Um conterrâneo da Kibala, recuando no tempo, narrou episódios da nossa infância que é transversal a uma geografia que envolve os municípios à volta do Libolo e Kibala e num tempo que, se calhar, morre em 2000, podendo prolongar-se em algumas aldeias recônditas. É o nosso feudalismo que pouco há de escrito, dada a fraca imersão na nossa etno-sociologia e etnografia.
Quando nos debruçamos a estudar a história
clássica e medieval de Roma e Grécia, recaímos, invariavelmente, em episódios
angolanos do Séc. XX, em nossas aldeias interiores.
É exemplo a mãe que "cata" piolhos ao
filho, aproveitando adormecê-lo, podendo usar duas fórmulas: cantando e
catando.
Vivi esse tempo. Algumas mães, no escuro da
noite, sem saber se o achado por seus dedos entre o cabelo alto e sujo é ser
vivo ou grão de areia, levavam-no ao dente e largavam depois, um rio de saliva.
Vivi ainda o tempo da bitacaia[2], pulga de javali ou porco
doméstico que adentrava os terminais de nossos dedos e calcanhares. A comichão,
lenta e incómoda, resultava em dor da ferida escancarada, depois de extraído o
animal hóspede oportunista com a ponta de um alfinete ou de um pau aguçado.

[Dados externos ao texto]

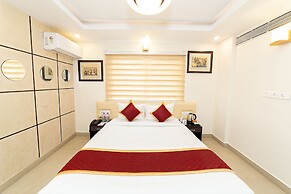 ICON REGENCY BY BHAGINI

Mas o meu conterrâneo contou mais e recordou-me
o seguinte:
Noite sem luar na Kibala ou outra aldeia do
circuito ambundu kwanza-sulino. Nas terras mais a sul e ou norte o cenário
também pode ser idêntico.
O archote é lamparina na cozinha escura. A
kizaca, peixe de água doce ou carne de caça ferve na panela de barro. Há fumo
largado pela lenha que reclamam por mais dias de seca ao sol. Mas quando a
lenha seca rareia em tempo de chuva é a semi-seca que se leva à fogueira. No
escuro e fumegante da cozinha a mãe pede:
- Mwiha mwombya (alumia para a panela)!
Na atrapalhação, o rapaz tanto alumia como deixa
cair na panela a ponta do archote ardido, já em forma de cinza.

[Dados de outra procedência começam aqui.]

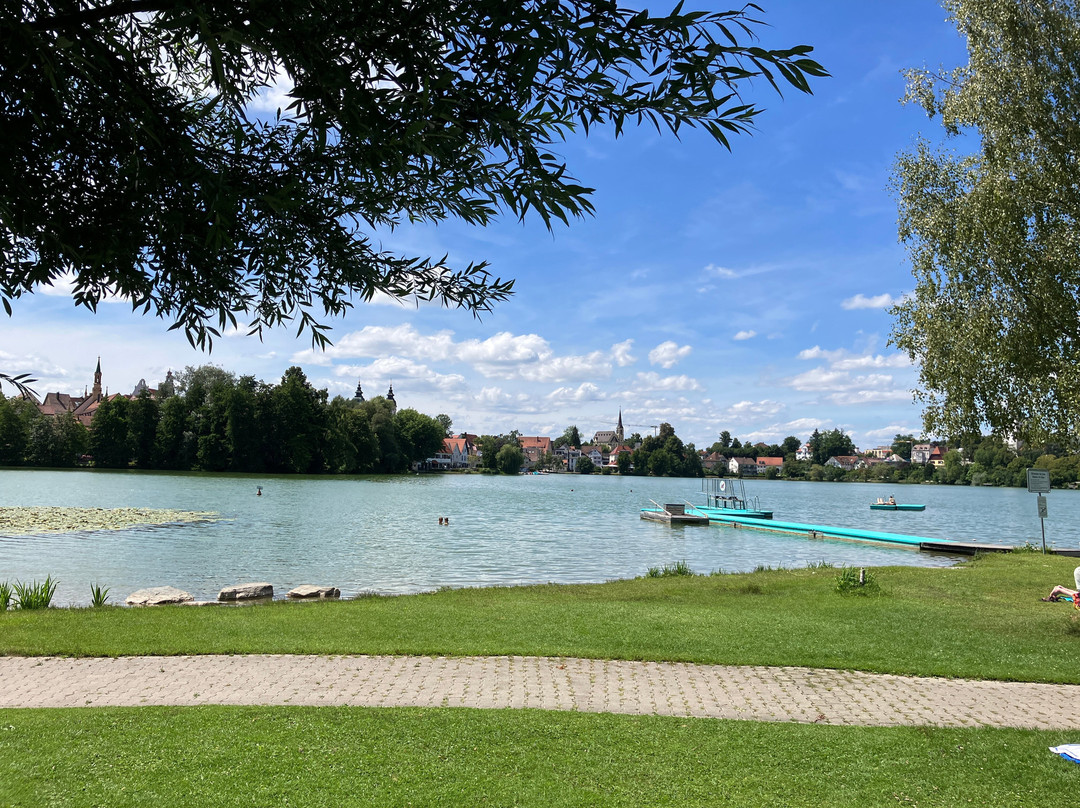 Städtisches Museum Im Kornhaus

- Nzayá, matubá, matondoá![3] -Dispara a mãe impaciente,
complementando a emenda com um valente "coco" que mata uma dúzia de
piolhos e lêndeas na cabeça do infante.
- Kwolule (não grita). - Adverte, prevenindo
para que não se acabem, de uma só vez, os piolhos todos na cabeça com outros
cocoricos.
Terminada a confeção do "kondutu"[4], é a vez da panela do
funji/pirão. O cuidado é redobrado. Em fuba branca, a cinza preta do archote é
vinho tinto em toalha imaculada.
-
Mwiha kyambote. - Adverte a mãe.
E o infante, com um grito adiado ou reprimido da
primeira pancada, lágrimas do fumo nos olhos, comichão na cabeça dos piolhos
famintos de sangue, acende, de novo, o archote que aproxima delicadamente à
panela de barro para a qual o fogo chia.
- Mwiha!
-
Ñi mwiha a mama!
-
Mwiha kyambote.
Depois
o repasto: as meninas na cozinha ou fora dela, no terreiro da casa, com a mãe,
quando há luar. Os homens na sala ou no njangu. Rapazes juntos.
O
rapaz quando não vai à escola da vida, o njangu, volta a reclamar o carinho materno,
"lambicando" como cão que se deita sobre a cinza quente da fogueira
recente. Dobra-se à frente da mãe que "jijina"[5] lêndeas, piolhos ou grãos
de areia escondidos no cabelo a reclamar por uma tesoura.
Contando
anedotas, ou canções do seu tempo de menina, a mulher afugenta os males e a
infra vida que a pobreza impõe, adormecendo o infante para uma nova aurora e
lavoura.
Tal
como a geração do último quartel do Séc. XX, as nossas crianças continuarão a
ler a história clássica e o feudalismo greco-romano. Quanto às nossas vivências, que são recentes, restarão poucas crónicas!